Print the data exactly. Pictures stay out.
━━ INFORMATION SHOWN ━━
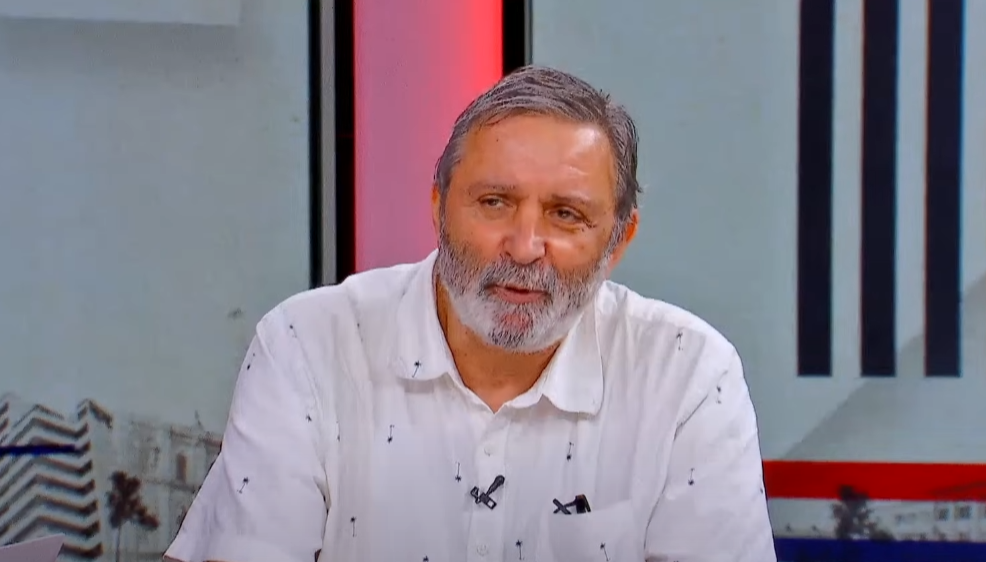 david darchiashvili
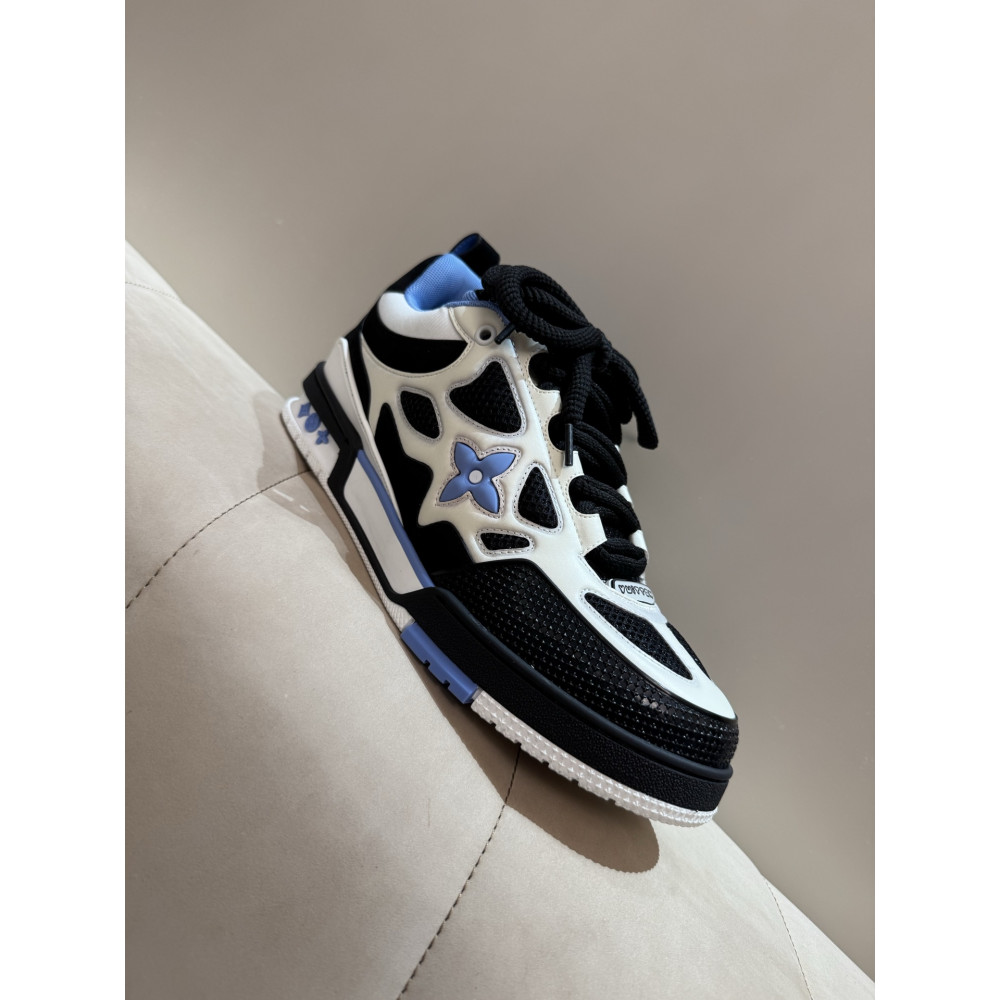 Louis Vuitton SKATE Sneakers!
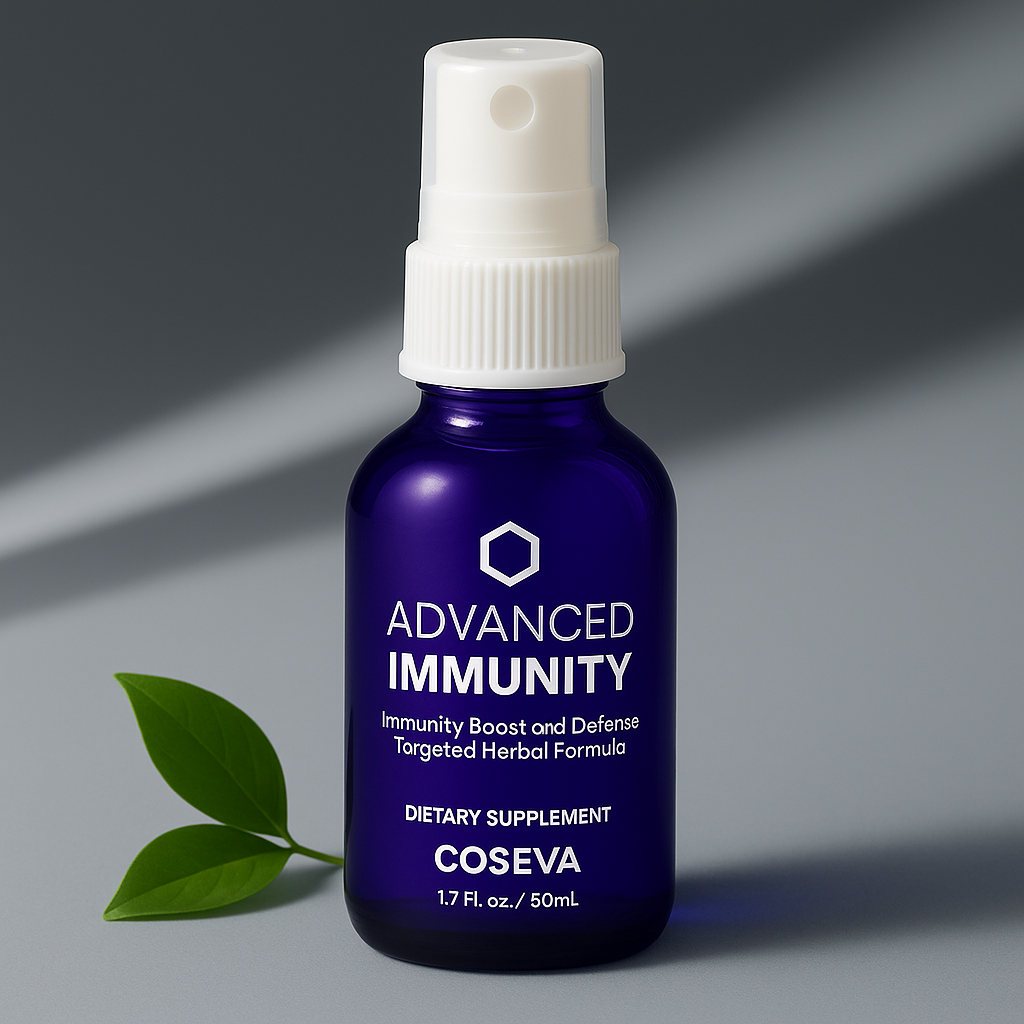Advanced Immunity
━━━
- _WRITTEN SOLUTION_:
 david darchiashvili
 Louis Vuitton SKATE Sneakers!
Advanced Immunity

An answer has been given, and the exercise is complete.